Roger Poopy knocked coffee all over the duvet this morning.
Sometimes it is hard to remember that having dogs is an important part of a happy family life. Sometimes I think that a guinea pig might have been less trouble.
This is not actually true. We had a guinea pig once. It lived in the kitchen and used to squeak excitedly whenever anybody opened the fridge door, just in case they were getting out a lettuce, and might like to share.
It was a tiresome nuisance, and cost a fortune in lettuce.
It was called Stumpy, because of only having three legs. Its parents had been rather closely related.
We do not have guinea pigs now. We have got tiresome dogs and a lot of washing.
There was already a lot of washing, before the spilt coffee, because of having stripped the sheets and towels out of the camper van last night. We had washed some of it already, but it has not been good drying weather, and everything was hanging around the living room.
Fortunately today was dry.
The garden was full of Mark’s rebuilding clutter, and mined with holes in which he intends to locate footings for things.
When I pegged our sheets in the garden, they flapped against the cement mixer and had to be washed again.
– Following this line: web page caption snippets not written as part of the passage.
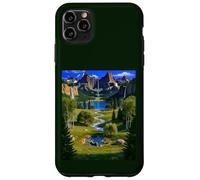 Majestic Mountain Waterfall Serene Valley Landscape Case for iPhone 11 Pro Max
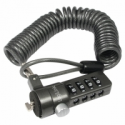 LogiLink Laptop Anti-theft lock - Security cable lock - black - 1.8 m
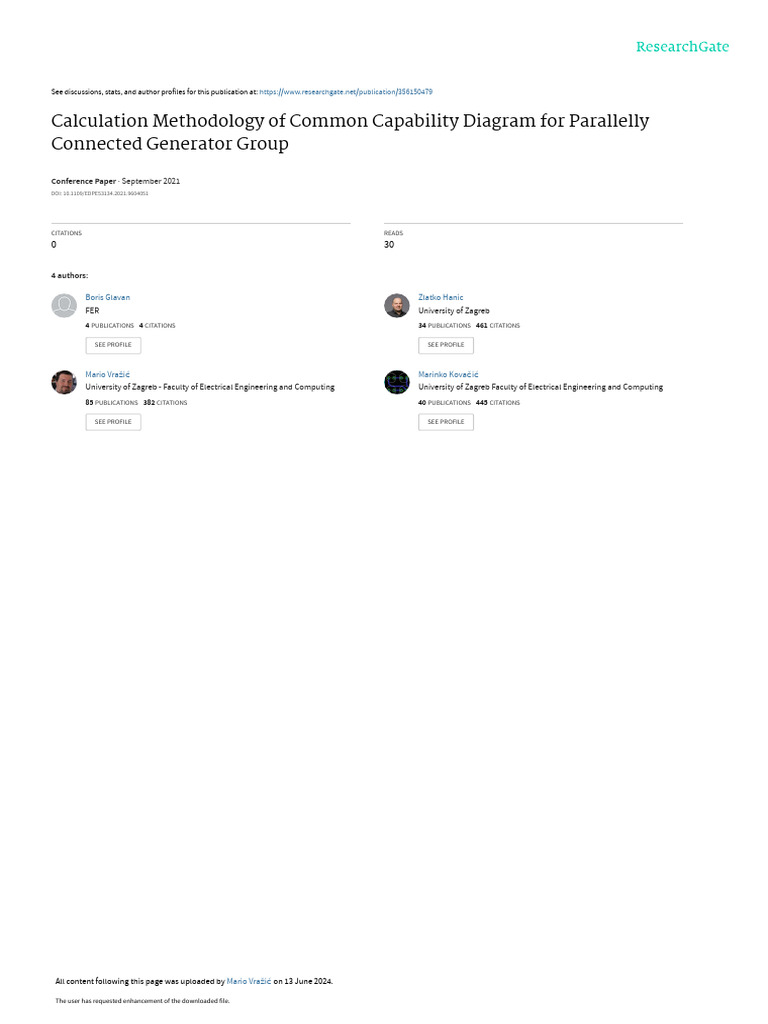 Calculation Methodology of Common Capability Diagram For Parallelly ...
This did not make me very happy at all.
I do not want to revisit the discussion which followed, but it addressed some issues that I have observed recently, like the mud which has somehow spread itself on to the carpets since the path has been removed, and which nobody, except me, seems to hoover up.
It was the sort of discussion that involved throwing things.
The outcome of the discussion was that Mark pegged the next lot of washing out, and then tidied the garden up. He moved the cement mixer and made everything look neat and organised.
I felt better after that.
I took Lucy for a driving lesson.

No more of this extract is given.